─── Provided information
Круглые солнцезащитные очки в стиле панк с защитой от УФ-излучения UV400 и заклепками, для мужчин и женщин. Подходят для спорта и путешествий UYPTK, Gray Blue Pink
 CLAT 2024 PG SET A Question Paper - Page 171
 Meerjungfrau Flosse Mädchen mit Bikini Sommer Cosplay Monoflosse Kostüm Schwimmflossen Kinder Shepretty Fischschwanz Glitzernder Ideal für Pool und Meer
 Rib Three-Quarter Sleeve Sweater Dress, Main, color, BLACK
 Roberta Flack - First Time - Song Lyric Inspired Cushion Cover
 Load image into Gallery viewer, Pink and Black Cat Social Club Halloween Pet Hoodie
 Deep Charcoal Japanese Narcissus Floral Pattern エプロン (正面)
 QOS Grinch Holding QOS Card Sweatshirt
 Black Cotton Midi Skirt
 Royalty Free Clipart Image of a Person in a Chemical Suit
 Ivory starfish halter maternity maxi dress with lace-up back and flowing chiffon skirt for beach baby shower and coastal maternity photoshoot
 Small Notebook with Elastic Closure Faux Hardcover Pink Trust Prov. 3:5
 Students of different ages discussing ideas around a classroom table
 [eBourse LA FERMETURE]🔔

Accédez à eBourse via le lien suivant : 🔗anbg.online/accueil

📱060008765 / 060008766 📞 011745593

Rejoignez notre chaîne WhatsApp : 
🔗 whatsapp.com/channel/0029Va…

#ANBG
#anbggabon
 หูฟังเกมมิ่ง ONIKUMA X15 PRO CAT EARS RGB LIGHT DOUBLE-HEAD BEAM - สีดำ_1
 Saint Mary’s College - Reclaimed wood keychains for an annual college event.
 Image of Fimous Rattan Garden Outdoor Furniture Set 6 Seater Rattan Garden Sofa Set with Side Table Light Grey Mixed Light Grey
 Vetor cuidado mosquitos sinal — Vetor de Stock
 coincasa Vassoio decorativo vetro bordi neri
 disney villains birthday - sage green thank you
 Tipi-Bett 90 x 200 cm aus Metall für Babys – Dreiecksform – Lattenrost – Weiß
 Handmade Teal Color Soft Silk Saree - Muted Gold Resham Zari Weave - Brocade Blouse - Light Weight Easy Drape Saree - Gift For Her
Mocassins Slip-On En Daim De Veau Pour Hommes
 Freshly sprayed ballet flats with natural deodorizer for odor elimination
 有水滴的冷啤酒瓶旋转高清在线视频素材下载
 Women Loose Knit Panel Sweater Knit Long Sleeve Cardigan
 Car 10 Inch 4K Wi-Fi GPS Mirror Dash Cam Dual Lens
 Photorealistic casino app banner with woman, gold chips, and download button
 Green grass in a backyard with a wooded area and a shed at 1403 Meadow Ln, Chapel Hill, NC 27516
──────
Requirement: Each line of the data is to be restated exactly.

Answer area:
Круглые солнцезащитные очки в стиле панк с защитой от УФ-излучения UV400 и заклепками, для мужчин и женщин. Подходят для спорта и путешествий UYPTK, Gray Blue Pink
 CLAT 2024 PG SET A Question Paper - Page 171
 Meerjungfrau Flosse Mädchen mit Bikini Sommer Cosplay Monoflosse Kostüm Schwimmflossen Kinder Shepretty Fischschwanz Glitzernder Ideal für Pool und Meer
 Rib Three-Quarter Sleeve Sweater Dress, Main, color, BLACK
 Roberta Flack - First Time - Song Lyric Inspired Cushion Cover
 Load image into Gallery viewer, Pink and Black Cat Social Club Halloween Pet Hoodie
 Deep Charcoal Japanese Narcissus Floral Pattern エプロン (正面)
 QOS Grinch Holding QOS Card Sweatshirt
 Black Cotton Midi Skirt
 Royalty Free Clipart Image of a Person in a Chemical Suit
 Ivory starfish halter maternity maxi dress with lace-up back and flowing chiffon skirt for beach baby shower and coastal maternity photoshoot
 Small Notebook with Elastic Closure Faux Hardcover Pink Trust Prov. 3:5
 Students of different ages discussing ideas around a classroom table
 [eBourse LA FERMETURE]🔔

Accédez à eBourse via le lien suivant : 🔗anbg.online/accueil

📱060008765 / 060008766 📞 011745593

Rejoignez notre chaîne WhatsApp : 
🔗 whatsapp.com/channel/0029Va…

#ANBG
#anbggabon
 หูฟังเกมมิ่ง ONIKUMA X15 PRO CAT EARS RGB LIGHT DOUBLE-HEAD BEAM - สีดำ_1
 Saint Mary’s College - Reclaimed wood keychains for an annual college event.
 Image of Fimous Rattan Garden Outdoor Furniture Set 6 Seater Rattan Garden Sofa Set with Side Table Light Grey Mixed Light Grey
 Vetor cuidado mosquitos sinal — Vetor de Stock
 coincasa Vassoio decorativo vetro bordi neri
 disney villains birthday - sage green thank you
 Tipi-Bett 90 x 200 cm aus Metall für Babys – Dreiecksform – Lattenrost – Weiß
 Handmade Teal Color Soft Silk Saree - Muted Gold Resham Zari Weave - Brocade Blouse - Light Weight Easy Drape Saree - Gift For Her
Mocassins Slip-On En Daim De Veau Pour Hommes
 Freshly sprayed ballet flats with natural deodorizer for odor elimination
 有水滴的冷啤酒瓶旋转高清在线视频素材下载
 Women Loose Knit Panel Sweater Knit Long Sleeve Cardigan
 Car 10 Inch 4K Wi-Fi GPS Mirror Dash Cam Dual Lens
 Photorealistic casino app banner with woman, gold chips, and download button
 Green grass in a backyard with a wooded area and a shed at 1403 Meadow Ln, Chapel Hill, NC 27516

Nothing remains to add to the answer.